The usual extreme observations we can have in our data are called outliers.

Basically, the outliers are either very height or the low observations.

The influence of the outliers in the data may distort our final understanding of them.

One way usually used to avoid

this drawback is to set the data in ascending or descending order.

After, we need to discard some of the highest and some of the lowest numbers.

Finally, we find the range of those remaining.

4:49

Although the range measures the spread of the data,

we need a measure that would average

the total distance between each of the data values in the mean.

In these cases, we have to do with the variance and the standard deviation.

Notice that for all datasets,

if we sum up all the distances between each of the data values in the mean,

it will be always equal to zero.

This is understandable if we consider that the mean is the center of the data.

5:33

If the data value is below the mean value,

the difference between the data value and the mean would be negative and vice versa.

This is why we square these differences.

Then each observation, both above and below the mean,

would be part of the sum of the squared terms.

6:02

The variance represents the average of the sum of the squared terms.

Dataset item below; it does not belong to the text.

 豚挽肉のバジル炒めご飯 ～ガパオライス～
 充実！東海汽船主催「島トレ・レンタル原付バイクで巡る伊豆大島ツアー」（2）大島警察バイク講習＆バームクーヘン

The population variance is indicated by the Greek letter Sigma square.

The variance is the sum of the squared difference between

each observations and the population mean divided by

the population size N.

6:32

The sample variance is indicated by the capital letters S square.

The sample variance is the sum of

the squared differences between each observation and the sample mean,

divided by the sample size, and minus one.

6:54

Notice that for sample data,

the variance is found by dividing the numerator by n minus one and not by N. Why?

Because mathematical statisticians have shown that if the population variance is unknown,

a sample variance is better estimator for the population variance,

if the denominator is given by n minus one.

7:42

Now, we need to define the other important numerical value.

That is the standard deviation.

The standard deviation is the square root of the variance.

This is why it restores the data to their original measurement unit.

The standard deviation measures the average spread around the mean.

The population standard deviation is the positive square root of the population variance.

Then it is the square root of

the sum of the squared differences between each observation and the population mean,

all divided by the population size N.

The sample standard deviation is the positive square root of the sample variance.

Then it is the square root of the sum of

the squared differences between each observation and its mean value,

all divided by the sample size N.

8:59

For example, calculate the standard deviation of the following data;

6, 8, 10, 12, 14, 9, 11, 7, 13, 11.

We need to follow three steps.

Step one, we need to calculate the sample mean,

then we sum up, 6 plus 8,

plus 10, plus 12,

plus 14, plus nine, plus 11,

plus seven, plus 13, plus 11,

and we divide them over the number of the observations, which is 10.

This will be equal to 10.1.

Step two, we find the difference between each of the data in the mean, which is 10.1.

Then we have 6 minus 10.1,

plus 8 minus 10.1,

plus 10 minus 10.1,

plus 12 minus 10.1,

plus 14 minus 10.1,

plus 9 minus 10.1,

plus 11 minus 10.1,

plus 7 minus 10.1,

plus 13 minus 10.1,

plus 11 minus 10.1.

These will be equal to zero.

Step three, we need to square each difference and then we

have 6 minus 10.1 to the power of 2,

plus 8 minus 10.1 to the power of 2,

plus 10 minus 10.1 to the power of 2,

plus 12 minus 10.1 to the power of 2,

plus 14 minus 10.1 to the power of 2,

plus 9 minus 10.1 to the power of 2,

plus 11 minus 10.1 to the power of two,

plus 7 minus 10.1 to the power 2,

plus 14 minus 10.1 to the power of 2,

plus 11 minus 10.1 to the power of 2,

which is equal to 69.9.

12:00

Then we can calculate the variance.

We do it by dividing the squared differences by the number of the observations minus one,

which is 10 minus 1 equals to 9,

and then we have 69.9 over 9 equals to 6.76.

Finally, we can calculate

the standard deviation by taking the square root of the variance.

The square root of 6.76 is almost equal to 2.6.